Nosotros de jóvenes (más jóvenes, si cabe) bailábamos mucho cuando salíamos los fines de semana. Recuerdo salas de baile en Santa Cruz y La Laguna (el King, el A-gogó, Las Mimosas...), pero también los guateques en las azoteas de amigos o las verbenas en los pueblos de veraneo. ¿Se ha perdido eso? Nosotros lo pasábamos pipa y la cosa no se limitaba a un chundachunda. Estaba el baile clásico "agarrado" en el que bailabas, hablabas y, si te gustaba la pareja, ligabas; después había bailes tribales y conjuntados (como el madison, por ejemplo), que era como si estuviéramos haciendo la tabla de gimnasia del colegio: 3 pasos a la derecha, 3 pasos a la izquierda, rodilla arriba, rodilla abajo...; y luego estaban los que más nos gustaban, el rock and roll y el inolvidable Let's twist again de Chubby Checker (que hasta Javier Marías, tan serio él, creo que llegó a bailarlo), en los que nos contorsionábamos, nos agachábamos y hasta saltábamos. Nada que ver con la noche del sábado.
¿Por qué bailamos? ¿Por qué, de todos los animales, somos los únicos que movemos el esqueleto al ritmo de una música? En un viaje que hicimos a Croacia, una noche tocaba un grupo en la Plaza Principal de Dubrovnik y fue tanto el entusiasmo y el seguir el ritmo de todos los españoles del viaje, que rápidamente se contagió a toda la plaza que, hasta ese momento, seguían tan serios el concierto. Tenemos una foto de uno de los nuestros bailando con una japonesa que no paraba de reírse, mientras el resto hacía una especie de conga alrededor.
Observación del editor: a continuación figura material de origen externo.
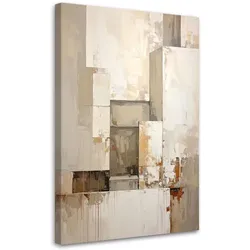 BILD auf Leinwand, Abstrakt Formen in Beige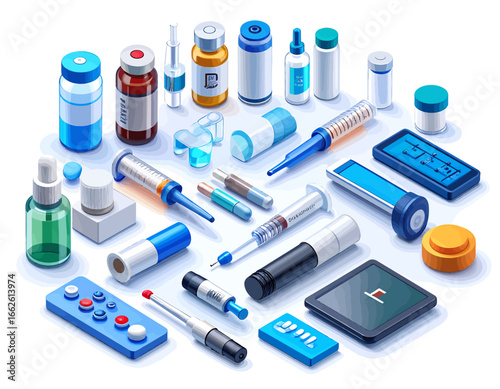 Extensive collection of modern medical supplies and advanced healthcare technology devices for diverse therapeutic applications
Hay investigadores (por ejemplo, Lawrence Parsons, profesor de Neurociencia cognitiva en el Departamento de Psicología de la Universidad de Sheffield) que estudian el cerebro cuando bailamos, cantamos o seguimos un ritmo. Por ellos sabemos hoy que el baile tiene raíces genéticas, que produce un grado de cohesión social que nos ayuda a sobrevivir y que, si sabemos danzar y entonar canciones, vivimos más.
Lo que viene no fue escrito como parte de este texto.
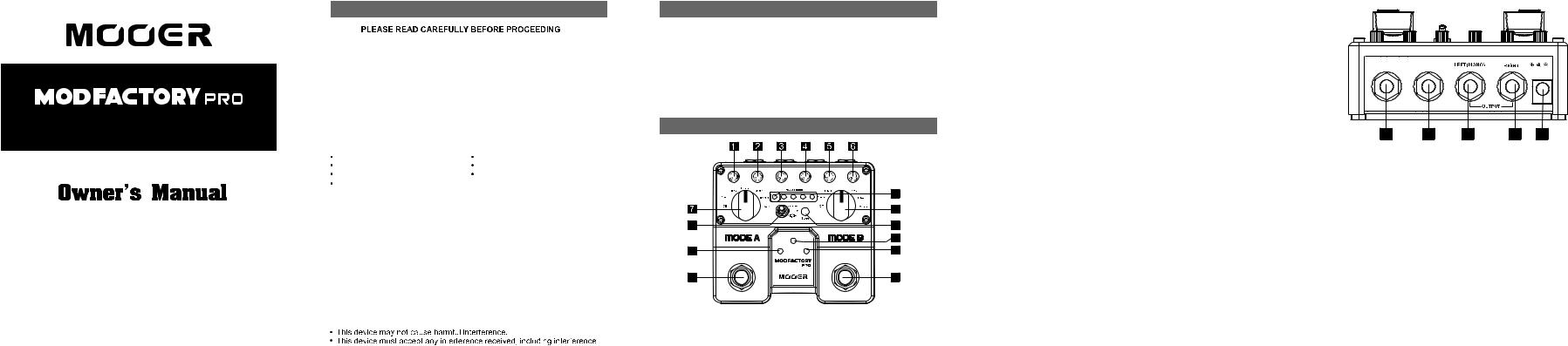 Mooer Mod Factory Pro Owner`s Manual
Así que no lo duden: a pesar de lumbagos, juanetes y achaques, el baile ha resultado ser una vitamina vital. Y lo mejor de todo es que esas rítmicas coreografías que nos montamos cuando no hacemos caso de las tristezas ni del qué dirán, no solo son buenas para estar en forma sino también nos hacen más felices. Y después... ¡que nos quiten lo bailado!